The electric power system is a complex engineering system. The planning, operation and control of the interconnected electric power system is a challenging task. Economic load dispatch (ELD) of the power system is one such task, which means planning, scheduling, and operating generators in an economical manner. The transmission losses form an inherent part of the economic operation of the power system. Today’s ELD problem posses nonlinear behavior, due to imposed equality and inequality constraints [1]. The ELD of a multi-fuel system involves power generators that utilize more than one type of fuel. Depending on the power demand, the generator can switch the fuel type [2]. The ELD problem has been identified as a multimodal problem, which is a challenge to solve. Since the practical problems are multimodal in nature, the gradient approaches are not suitable for them. In this respect, the solution of nonlinear economic dispatch problems has been effectively obtained using random search algorithms irrespective of the shape of the solution hyperspace.

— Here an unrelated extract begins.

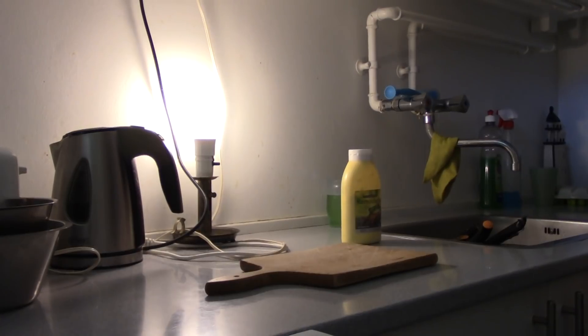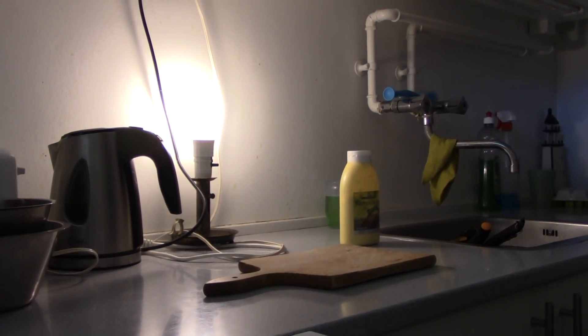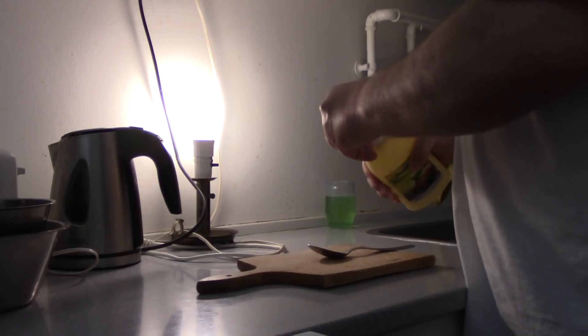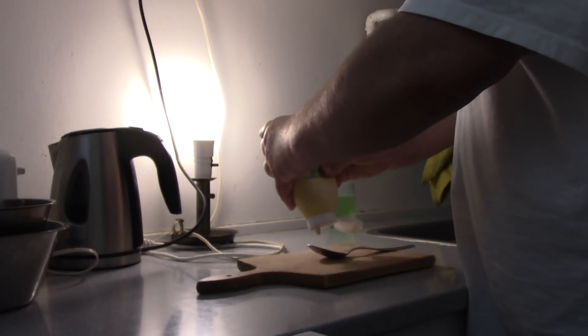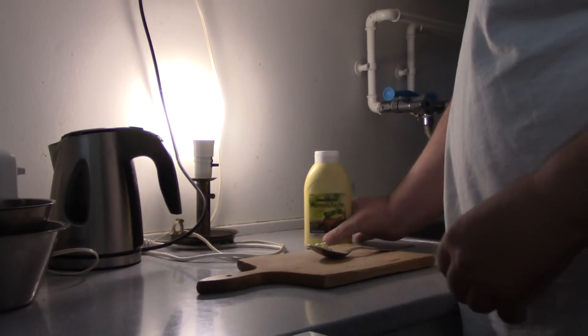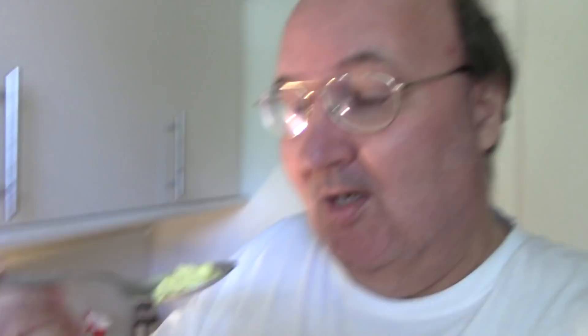You can use it on nearly everything, so let's have a try of the Danish Remulade. I don't think I will taste too much because this is the first time I ever taste it. I don't know what it is — it smells a bit funny, but let's have a go and it should be okay.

Although these heuristic methods provide a faster and reasonable solution, these do not ensure a global optimal solution in a finite time. The complex dispatch and scheduling problems require effective and efficient optimization algorithms for a beneficial solution [3]. In effect, the global optimization algorithms have been extensively used as a solution procedure for ELD problem having a multi-fuel generator.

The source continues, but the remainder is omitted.